Yes, there are many young and impressionable people and an equal number of adults who look up to Woods and other such celebrities as role models. That is a fact of life and a reality for which Woods did not campaign. He is no Barack Obama who came to the people, presented his views and ideas and asked for acceptance, based on this manifesto. Woods’ oath of fidelity was to his wife, his conscience, and maybe his god. The fact that Woods might have disappointed many is no reason to probe into his personal and family affairs. True, young people need role models. But their parents and those with whom they come into contact on a regular basis should be the first role models, not celebrities like Woods who these youths might only know via the television screen.

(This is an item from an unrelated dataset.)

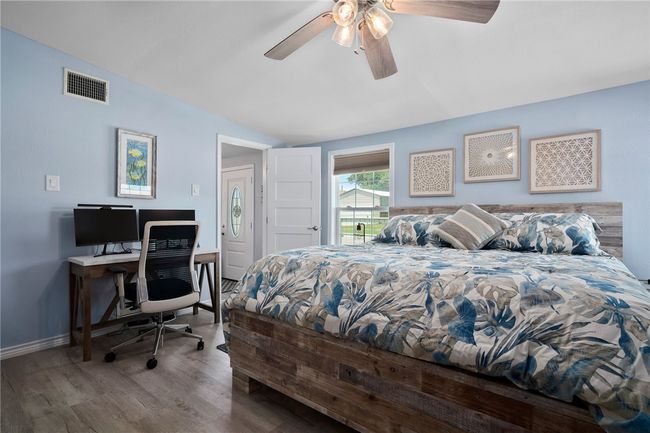 1403 Mccampbell St, House other with 3 bedrooms, 2 bathrooms and 5 parking in Aransas Pass TX | Image 22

Mike Wise, in his Washington Post column, says that while Nike will never shoot a commercial to show his (Wise’s) impact on our sport and the world and multiethnic children will never look into a camera lens and say they resemble him, he, Wise, is also Tiger Woods. Wise argues that it’s easy, maybe even natural, to judge Woods’ actions and ignore what led to them. “Tiger Woods has an emotional void in his life. This void must be huge. For him to be where he is today, this deep emptiness must have consumed him, must be something he has been living with for a long time.” Wise admits that while he too is Wood, he has “poked fun at his travails because I use humor as camouflage”. Wise says that it would send him “off the ledge”if the world were to know the details of his electronic communication with other women at one time in his life. Could it then be that many people are quick to point out celebrities’ improprieties and failings in an effort to justify their own flaws? After all, celebrities have money and many of them marry some of the most attractive and influential spouses. They, who seem to have so much going for them, are often unsatisfied in their own marriages and therefore seek solace outside. It can’t be so bad when John Public does it. Right?